È uno dei pochi elementi a effetto di un film rimasto proverbiale per la sua laconicità narrativa. Infatti il prologo, della durata di ben 8 minuti, è praticamente muto. E taciturno continuerà a restare, Fuga Da Alcatraz, per l’intero svolgimento, con dialoghi essenziali, funzionali all’azione e mai allo scavo dei personaggi. Di Morris lo spettatore non sa quasi nulla. Le ragioni per cui è in galera restano ignote: è nota solo la sua propensione alla fuga e che possiede un quoziente di intelligenza fuori della norma – lo si legge sul suo fascicolo. Per quel che riguarda il passato, tutto si riduce a una battuta paradossale, in linea con la mitologia di Eastwood ancor prima che del personaggio: “Che razza di infanzia hai avuto?”, gli chiede un detenuto. E lui: “Breve”.
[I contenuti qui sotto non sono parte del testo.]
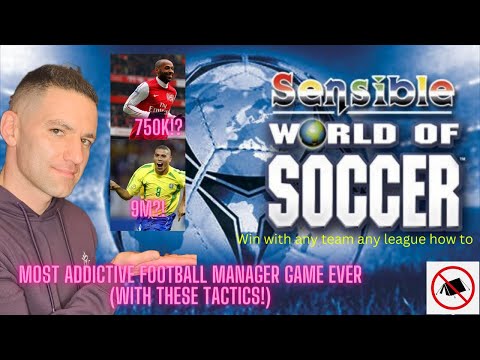 Sensible soccer, best football / soccer manager game ever (with these broken tactics!)
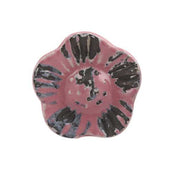 Pink Ceramic Flower Knob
La filosofia di Don Siegel

Il Morris di Fuga Da Alcatraz è il classico protagonista dei film della maturità di Don Siegel. Come un altro suo personaggio proverbiale, il Charley Varrick/Walter Matthau del film omonimo, è “l’ultimo degli indipendenti” – definizione che si attaglia allo stesso Siegel –, l’individualista anarchico e riottoso alle norme che si costruisce le sue proprie regole, facendosi poche illusioni sugli esseri umani e restando fedele soltanto a un insopprimibile desiderio di libertà.
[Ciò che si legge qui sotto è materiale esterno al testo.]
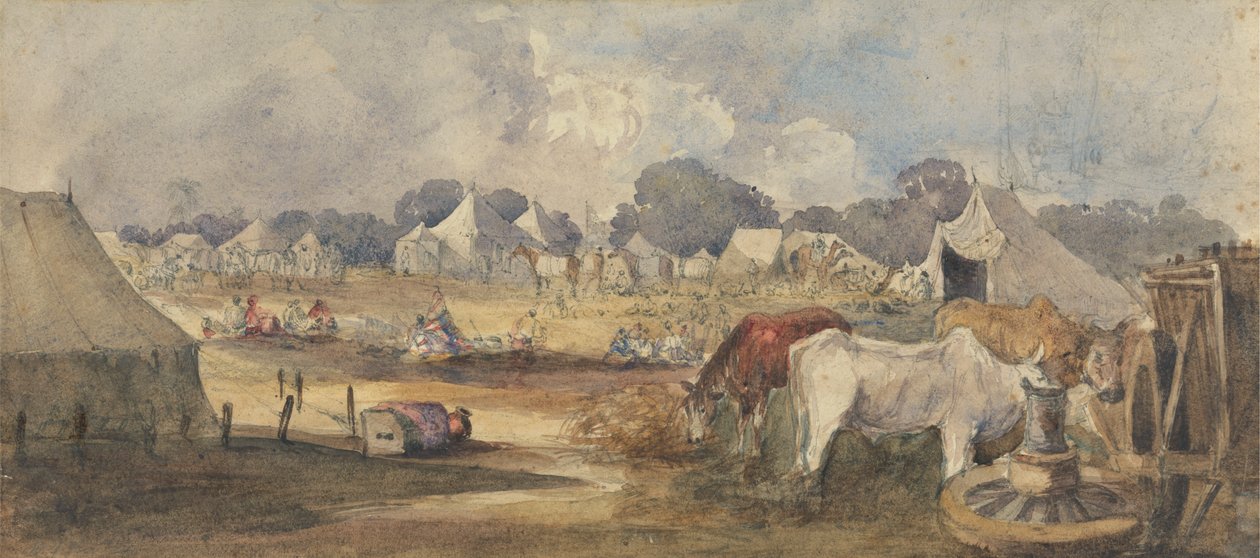 Wschodnie obozowisko autorstwa William James Muller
I primi tre quarti d’ora del film definiscono contesto e personaggi principali. Non manca nessuna delle figure da film carcerario: il recluso che vorrebbe approfittare sessualmente di Morris (inutile dire che fine fa), l’anziano istituzionalizzato e gentile che ha addomesticato un topolino, l’animo sensibile che dipinge per non impazzire, il nero eminenza grigia del penitenziario. A questi si aggiunge il direttore del carcere (ironicamente interpretato da Patrick McGoohan, l’attore diventato celebre con la serie tv cult inglese Il prigioniero, in cui è una ex spia confinata in un villaggio da cui cerca di scappare in ogni modo), un grigio e sadico burocrate inebriato dal proprio ruolo, per il quale Alcatraz è un giocattolo a sua disposizione, come il modellino del carcere che espone in ufficio.

Questa è una delle metafore che, con molta discrezione, il film distribuisce sotto la sua impaginazione apparentemente senza sottotesti. L’altra, fondamentale, è quella dei fantocci che i fuggiaschi costruiscono per ingannare le guardie, facendo loro pensare di essere a letto mentre invece stanno scavando la via di fuga. Morris non vuole essere il burattino del direttore. E sfrutta, prendendone alla lettera le affermazioni, quello che è l’unico privilegio che offre il penitenziario: il tempo.

Un piccolo trattato sul tempo

Fuga Da Alcatraz è un piccolo trattato sul tempo. Che scorre sempre uguale e ripetitivo, costringendo i detenuti a trovare espedienti per non impazzire. C’è chi alleva topolini, chi si dedica alla pittura. Morris progetta un’evasione. Il suo alleato è proprio il tempo: che, come spiega, a poco a poco con l’aria l’umida ha corroso il cemento e col sale ha arrugginito le sbarre di metallo. Il direttore dice enfaticamente a Morris: “Se disobbedisci alle regole della società ti spediscono in prigione. Se disobbedisci alle regole della prigione ti spediscono qui”. Ma l’imponente The Rock, con la sua ideologia dell’oppressione, è un castello di carte divenuto intimamente fragile, sottoposto come ogni altra cosa alla legge inesorabile del tempo.

Infatti, dietro le sue massicce mura, in realtà c’è spazio per ogni cosa: l’odio sicuramente, ma anche l’ironia (le battute su San Francisco e Al Capone) e un’insospettabile tenerezza (il personaggio del pittore Doc, gli incontri strazianti dei detenuti con i familiari nel parlatorio). Il silenzioso Morris, apparentemente asentimentale, diventa il collettore di tutte queste istanze. E la sua fuga, attraverso il simbolo di un piccolo crisantemo, diventa il riscatto di un intero mondo che non intende sottostare alla legge dell’infelicità.